Image Analyst am 12 Mai 2014
Bearbeitet: Image Analyst am 12 Mai 2014
How about the brute force approach of a for loop?
clc;
clear 'blocks';
A=[...
1 2 3
2 1 2
4 9 1
5 2 4
7 1 0
8 4 8
9 4 1
11 2 4]
blockStartingRow = 1;
counter = 1;
lastRow = size(A, 1);
for row = 2 : lastRow
if A(row, 1) > A(blockStartingRow, 1) + 3
% Start a block
blocks{counter} = {A(blockStartingRow:(row-1),:)}
counter = counter + 1;
blockStartingRow = row; % Move start of block pointer.
end
end
% Pick up last block if we need to
if blockStartingRow < lastRow
blocks{counter} = {A(blockStartingRow:end,:)}
end
celldisp(blocks)
In the command window:
blocks{1}{1} =
1 2 3
2 1 2
4 9 1
blocks{2}{1} =
5 2 4
7 1 0
8 4 8
blocks{3}{1} =
9 4 1
11 2 4
If you don't know what a cell array is, read the FAQ.
##### 3 Kommentare1 älteren Kommentar anzeigen1 älteren Kommentar ausblenden
Win co am 12 Mai 2014
It works perfectly your code. Thank you very much for your help.

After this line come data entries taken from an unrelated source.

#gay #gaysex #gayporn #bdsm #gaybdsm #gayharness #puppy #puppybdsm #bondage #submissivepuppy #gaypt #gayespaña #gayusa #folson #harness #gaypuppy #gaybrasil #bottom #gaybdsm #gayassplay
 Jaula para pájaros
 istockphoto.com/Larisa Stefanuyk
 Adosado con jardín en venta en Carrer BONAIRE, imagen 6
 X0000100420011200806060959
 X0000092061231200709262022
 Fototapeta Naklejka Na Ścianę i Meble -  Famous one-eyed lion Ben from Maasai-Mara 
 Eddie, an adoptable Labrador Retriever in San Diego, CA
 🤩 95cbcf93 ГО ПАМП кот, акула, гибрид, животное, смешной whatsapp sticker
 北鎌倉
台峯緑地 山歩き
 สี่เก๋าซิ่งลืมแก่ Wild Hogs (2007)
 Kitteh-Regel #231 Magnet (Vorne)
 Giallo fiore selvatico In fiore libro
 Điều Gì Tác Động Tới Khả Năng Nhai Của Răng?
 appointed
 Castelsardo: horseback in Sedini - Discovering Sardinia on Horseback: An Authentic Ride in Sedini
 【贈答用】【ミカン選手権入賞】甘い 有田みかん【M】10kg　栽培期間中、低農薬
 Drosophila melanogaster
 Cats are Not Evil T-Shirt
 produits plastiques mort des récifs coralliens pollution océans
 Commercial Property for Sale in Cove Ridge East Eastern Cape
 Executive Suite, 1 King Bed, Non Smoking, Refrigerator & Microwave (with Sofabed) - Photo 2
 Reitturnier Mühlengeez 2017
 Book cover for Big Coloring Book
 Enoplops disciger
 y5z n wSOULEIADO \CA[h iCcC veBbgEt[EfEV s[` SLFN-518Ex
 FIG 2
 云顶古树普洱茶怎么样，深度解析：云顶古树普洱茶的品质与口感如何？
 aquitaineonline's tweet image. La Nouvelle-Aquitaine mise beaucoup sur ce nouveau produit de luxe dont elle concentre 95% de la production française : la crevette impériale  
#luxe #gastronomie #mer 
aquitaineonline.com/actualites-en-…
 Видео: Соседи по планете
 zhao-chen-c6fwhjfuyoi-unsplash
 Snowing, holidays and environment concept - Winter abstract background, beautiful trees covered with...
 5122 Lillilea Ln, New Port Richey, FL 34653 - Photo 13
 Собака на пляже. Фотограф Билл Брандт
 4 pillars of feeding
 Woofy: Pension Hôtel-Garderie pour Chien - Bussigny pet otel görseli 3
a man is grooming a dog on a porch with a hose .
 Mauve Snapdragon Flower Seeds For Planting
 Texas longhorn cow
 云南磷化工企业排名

Image Analyst am 12 Mai 2014
Don't worry about loops. I did one billion , yes billion , loops in just over 2 seconds on my work computer, so a measly million iterations is just a fraction of a second. Even on my slow old home computer I'm clocking a million iterations at 3 milliseconds. If 3 milliseconds is too slow for you, then you'd better lay off the caffeine.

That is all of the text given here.